See each box below for full descriptions of commitments and 2017 progress updates. Read more about the original commitments to the campaign made in 2016 in the Advanced Cooling Challenge CEM7 Press Release.
The AC Challenge has developed the AC Market Tracker to show the status of cooling products in participating countries and beyond. It is an online tool that contains data on cooling products, such as energy efficiency, refrigerant, price, price versus efficiency and capacity, and so on. Policy makers, industry stakeholders, institutions, and consumers can use it to support policy design, research, and purchase decisions. The tool is available at http://www.iea.org/cem/AC-Challenge/.
The AC Challenge leverages the work of CEM’s Super-efficient Equipment and Appliance Deployment (SEAD) initiative, and builds on a public-private roundtable discussion on Energy Efficient Cooling and Demand Response at the fifth Clean Energy Ministerial in May 2014.
Why it’s needed
To foster prosperous and healthy societies. Access to cooling has been linked to improved health, productivity, economic growth, and education.
To achieve energy, development, and climate goals. Improving the average efficiency of air conditioners sold in 2030 by 30% could reduce emissions by up to 25 billion tonnes of CO2 over the lifetime of the equipment, equivalent to avoiding as many as 1,500 average (500-megawatt) power plants.

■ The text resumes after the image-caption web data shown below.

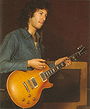 Peter Green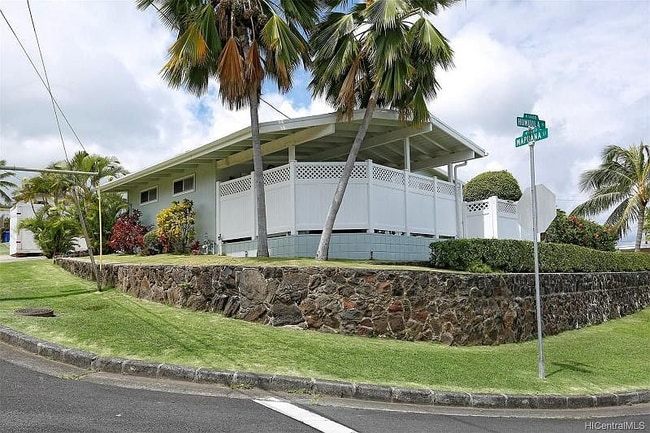 Photo - 1132 Mapuana St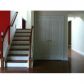 75 Melchor Dr, Easton, PA 18042 ID:643199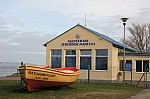 IMG_5378.jpg IMG_5378.jpg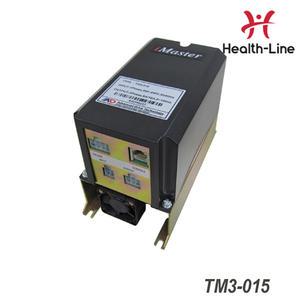 아이마스터 iMaster 런닝머신 인버터 TM3-015 TM3-015i TM3-008i 선택구입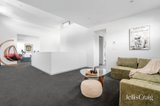 https://images.listonce.com.au/custom/160x/listings/35-appletree-drive-glen-waverley-vic-3150/637/01914637_img_16.jpg?v_ACjfnquqA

To strengthen electric service reliability while saving resources. The cheapest megawatt is the one not used. A 30% improvement in air conditioner efficiency in 2030 would reduce peak electricity demand by as much as 340–790 gigawatts over the lifetime of the equipment, reducing stress on the delivery system, avoiding expensive infrastructure construction to meet growing demand, and saving consumers money.